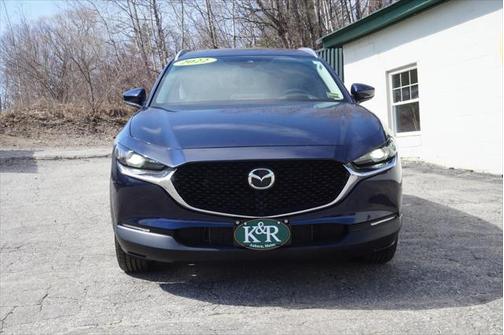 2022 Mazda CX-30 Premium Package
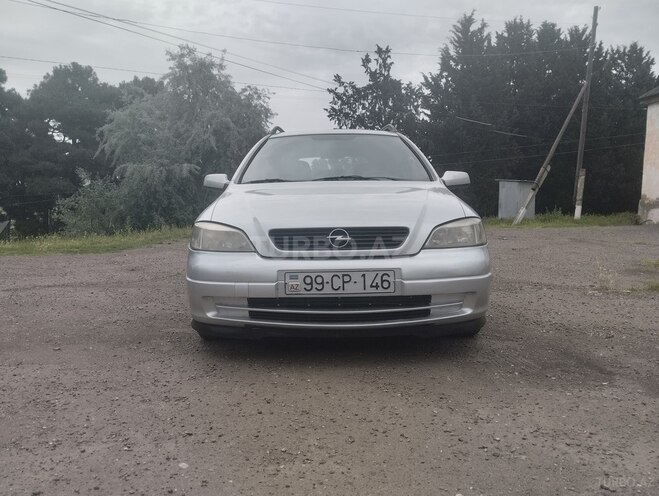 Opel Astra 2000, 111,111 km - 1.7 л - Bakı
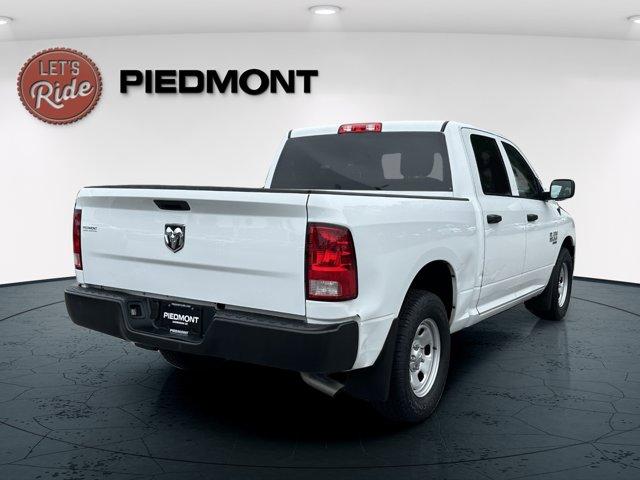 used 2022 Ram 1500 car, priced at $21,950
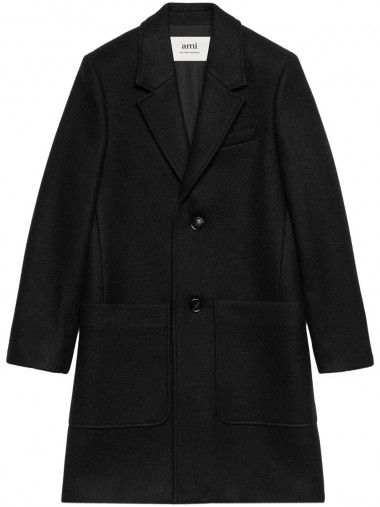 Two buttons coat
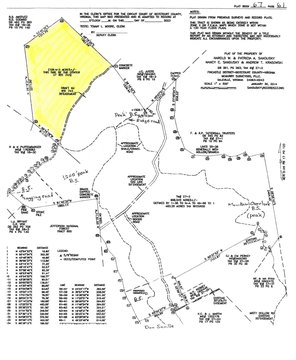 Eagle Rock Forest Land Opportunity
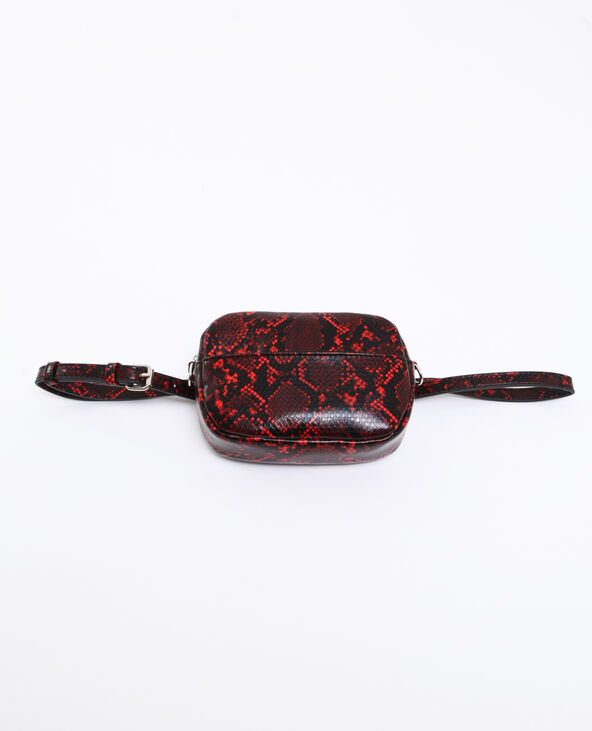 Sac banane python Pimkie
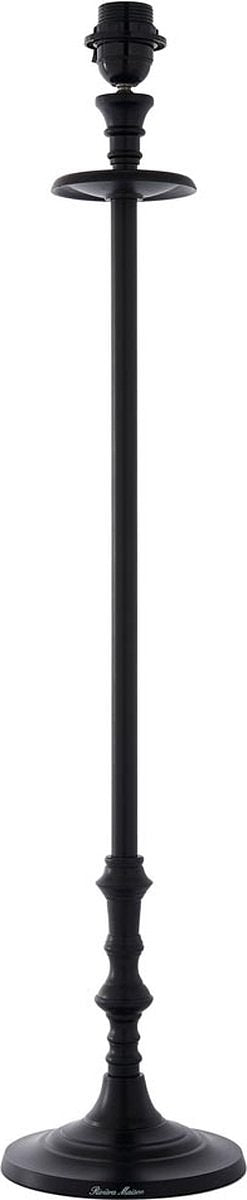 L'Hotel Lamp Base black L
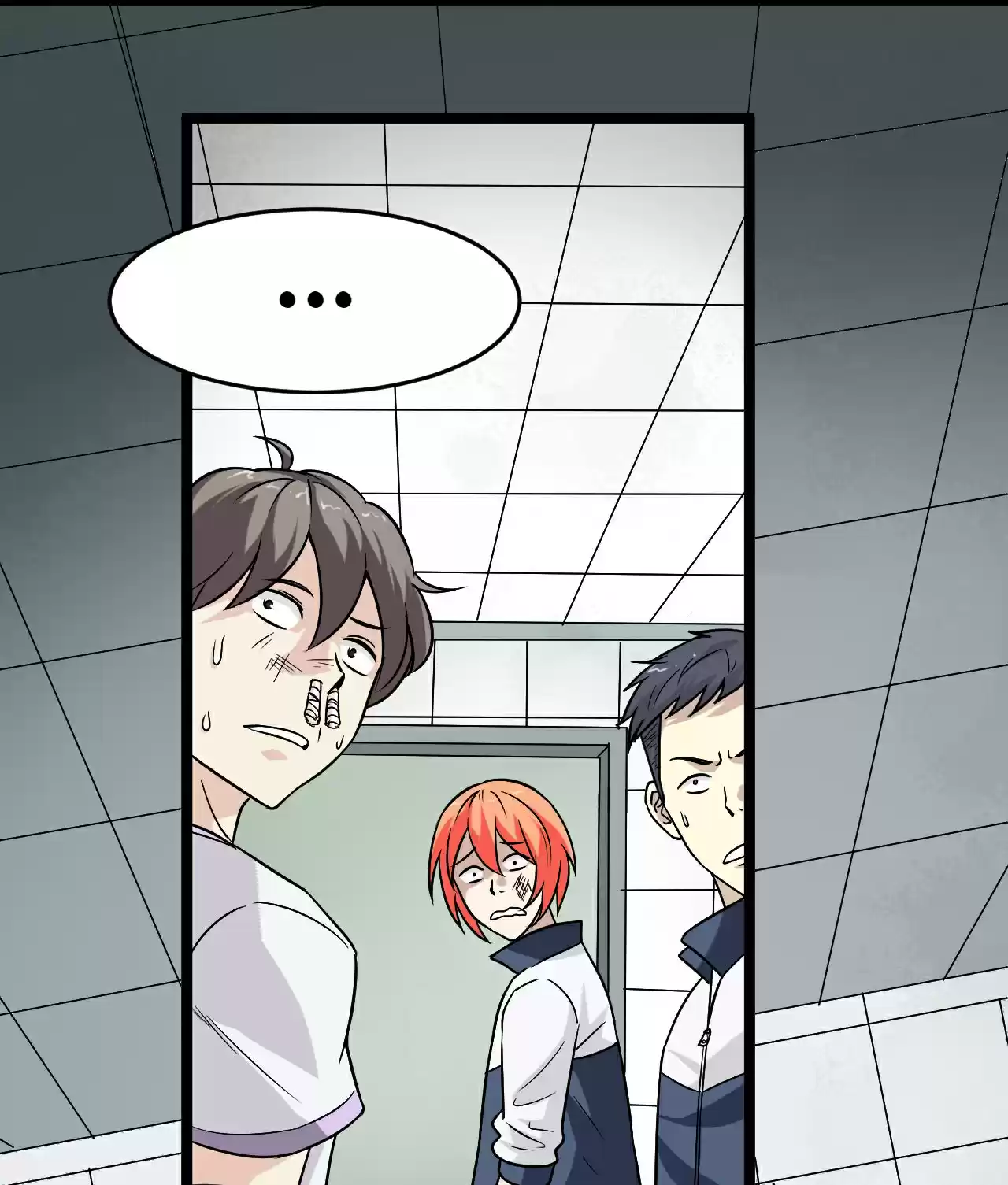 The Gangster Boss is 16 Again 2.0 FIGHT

- What you have to do:
Apart from the pictures, every line of the material above is to be returned word for word.

- Reply to the task:
 2022 Mazda CX-30 Premium Package
 Opel Astra 2000, 111,111 km - 1.7 л - Bakı
 used 2022 Ram 1500 car, priced at $21,950
 Two buttons coat
 Eagle Rock Forest Land Opportunity
 Sac banane python Pimkie
 L'Hotel Lamp Base black L
 The Gangster Boss is 16 Again 2.0 FIGHT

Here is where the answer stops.